The effect of this cumulative argument has been supposed to be overwhelming in favour of a post-exilic date. Recently, however, Baudissin, in a very careful discussion, has ably argued for at least the possibility of a pre-exilic date. Precisely in the manner of Joel, Amos iv.6-9 links together locusts and drought as already experienced calamities. Both alike complain of the Philistine and Phoenician slave-trade. The enemies -- Edom, Phoenicia, Philistia, iii.4, l9 -- fit the earlier period better than the Persian or Greek. In the ninth century, Judah was invaded by the Philistines and Arabians according to the Chronicler (2 Chron. xxi.16ff.), whose statements in such a matter there is no reason for doubting, and Jerusalem may then have suffered: in any case, we know that the treasures of temple and palace were plundered as early as Rehoboam's time (1 Kings xiv.25ff.), and this might be enough to satisfy the allusion in Joel iii.17. Again, if Joel is smooth, Amos is not much less so; and linguistic peculiarities that seem to be late might be due to dialect or personal idiosyncrasy. With regard to the argument from citations, it would be possible to maintain that Joel's simple and natural picture of the stream from the temple watering the acacia valley, iii.18, was not borrowed from, but rather suggested the more elaborate imagery of Ezekiel, xlvii. For these and other reasons Baudissin suggests with hesitation that a date slightly before Amos is by no means impossible.[1]
[Footnote 1: It is interesting to note that Vernes, Rothstein and Strack have independently reached the conclusion that chs. i., ii. have a different origin from iii., iv.

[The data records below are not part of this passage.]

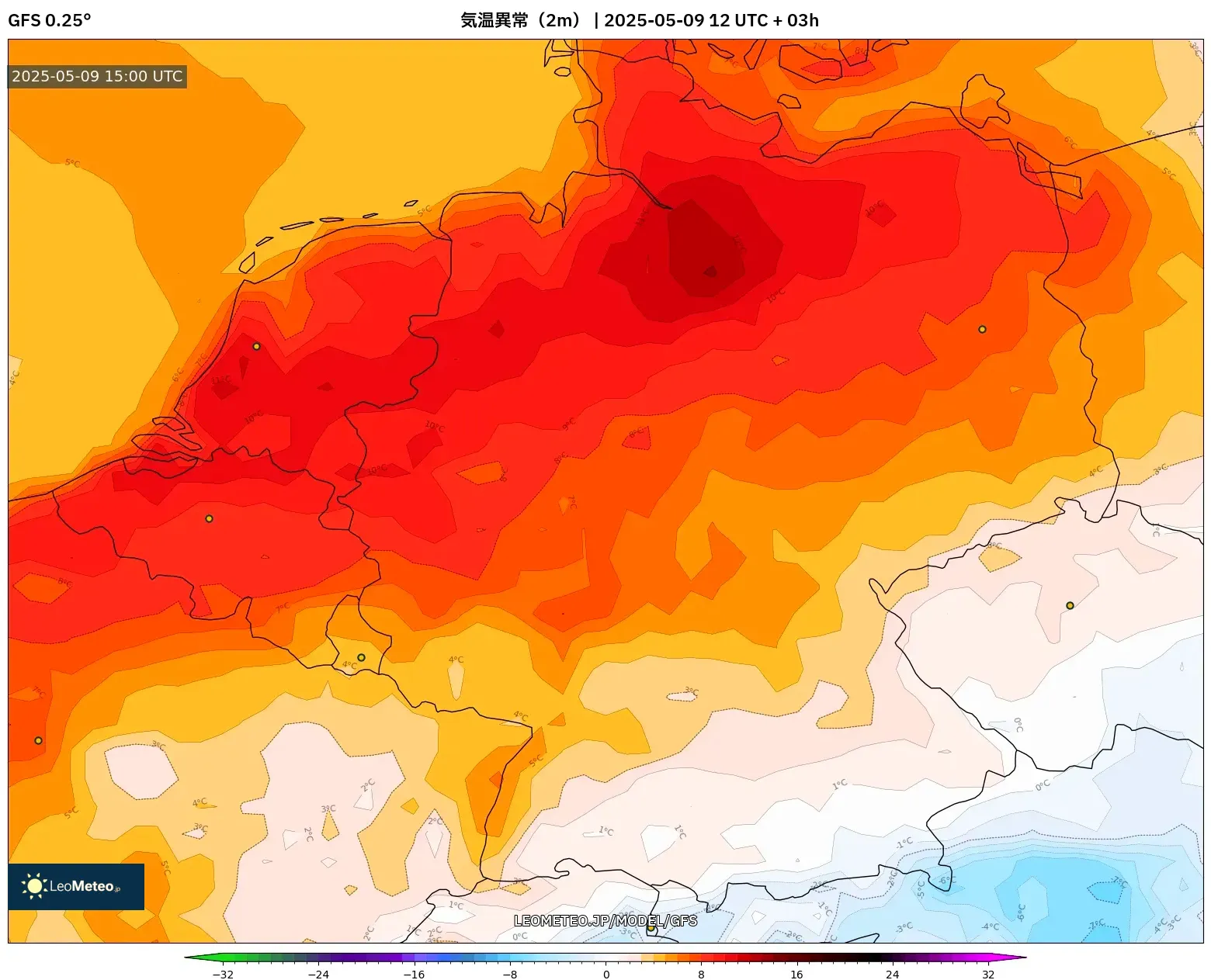 GFS - ドイツ, 気温異常(2m) GFS - ドイツ, 気温異常(2m)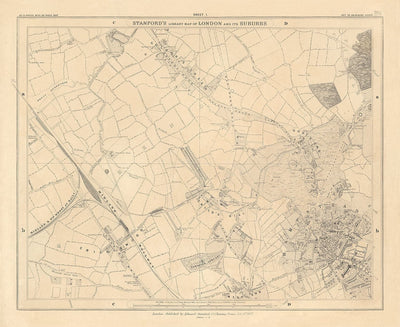 Ancienne carte du Nord London 1862 par Edward Stanford - Hampstead, Cricklewood, Golders Green, Finchley, Brent - NW2, NW3, NW11, NW4
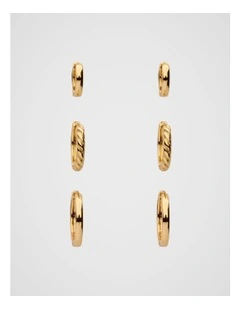 Textured Huggie Ear Pack in Gold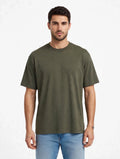 T-Shirt GAVROCHE PARIS Verde Caky / Nera - Modello Semplice con Placchetta in Metallo sul Retro - 100% Cotone Mercerizzato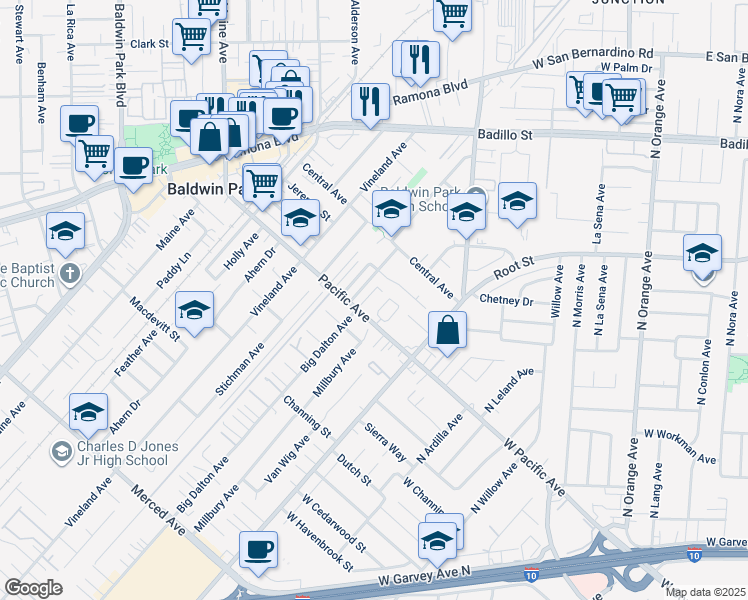 map of restaurants, bars, coffee shops, grocery stores, and more near 14801 Pacific Avenue in Baldwin Park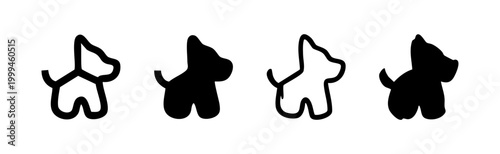 Set of four dog silhouette icons, outlined and solid fill, black on white background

In the former, the state still exists, and the calamity is a plague of locusts; in the latter, no account is taken of the locusts -- it is a time of national disaster. The reasons, however, are hardly adequate for denying the unity of the book.]

The question is much more than an academic one, for on the answer to it will depend our whole conception of the development of Hebrew prophecy. Sacerdotal interests, e.g., here receive a prominence in prophecy which we are accustomed to associate only with the period after the exile. Here again, the promises are for Judah, the threats for her enemies -- an attitude also characteristic of post-exilic prophecy: it is customary to deny to the pre-exilic prophets any word of promise or consolation to their own people. Obviously if the priest and the element of promise have already so assured a place in the earliest of the prophets, the ordinary view of the course of prophecy will have to be seriously modified. The lack of emphasis displayed by Joel on the ethical aspect of religion, which has been made to tell in favour of a late date, might tell equally well in favour of a very early one. Indeed, the book is either very early or very late; and, if early, it represents what we might call the pre-prophetic type of Israel's religion, and especially the non-moral aspirations of those who, in Amos's time, longed for the day of Jehovah, and did not know that for them it meant thick darkness, without a streak of light across it (Amos v.18). On the whole, however, the balance leans to a post-exilic date. The Jewish dispersion seems to be implied, iii.2. The strange visitation of locusts suggests to the prophet the mysterious army from the north, ii.20, which had haunted the pages of Ezekiel (xxxviii., xxxix.); and in this book, prophecy (i., ii.) merges into apocalyptic (iii., iv.).